Hello, my name is Anna and I am here to tell you about my journey with psoriasis.

I have suffered from psoriasis for over a year and a half. I went from not wearing certain clothes if I didn’t have a mask on


We first define `TraingArguments` with training parameters.
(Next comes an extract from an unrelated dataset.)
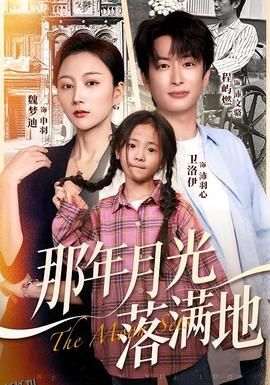 那年月光落满地 海报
Then define `Trainer` and train.

* Note: `Trainer` class loads in GPU by default, even if model is on CPU. Figure out how to train model on CPU with trainer.

In [23]:
from transformers import Trainer
from transformers import TrainingArguments

training_args = TrainingArguments(
    ".model/gemma-2b-oa-ft-test1",                     # directory to store the checkpoint
    # num_train_epochs=3,
    max_steps=10,
    per_device_train_batch_size=4,
    per_device_eval_batch_size=4,
    learning_rate=5e-5,
    weight_decay=0.01,
    logging_steps=5,
    # eval_steps=500,
    # label_names=["labels"],
)

trainer = Trainer(
    model=model,
    args=training_args,
    train_dataset=tokenized_datasets["test"],
    # eval_dataset=tokenized_datasets["test"],
    data_collator=data_collator,                
    tokenizer=tokenizer,
)

In [24]:
trainer.accelerator.device

device(type='mps')

start training

In [25]:
trainer.train()

  0%|          | 0/10 [00:00<?, ?it/s]

RuntimeError: MPS backend out of memory (MPS allocated: 34.20 GB, other allocations: 1.95 GB, max allowed: 36.27 GB). Tried to allocate 128.00 MB on private pool. Use PYTORCH_MPS_HIGH_WATERMARK_RATIO=0.0 to disable upper limit for memory allocations (may cause system failure).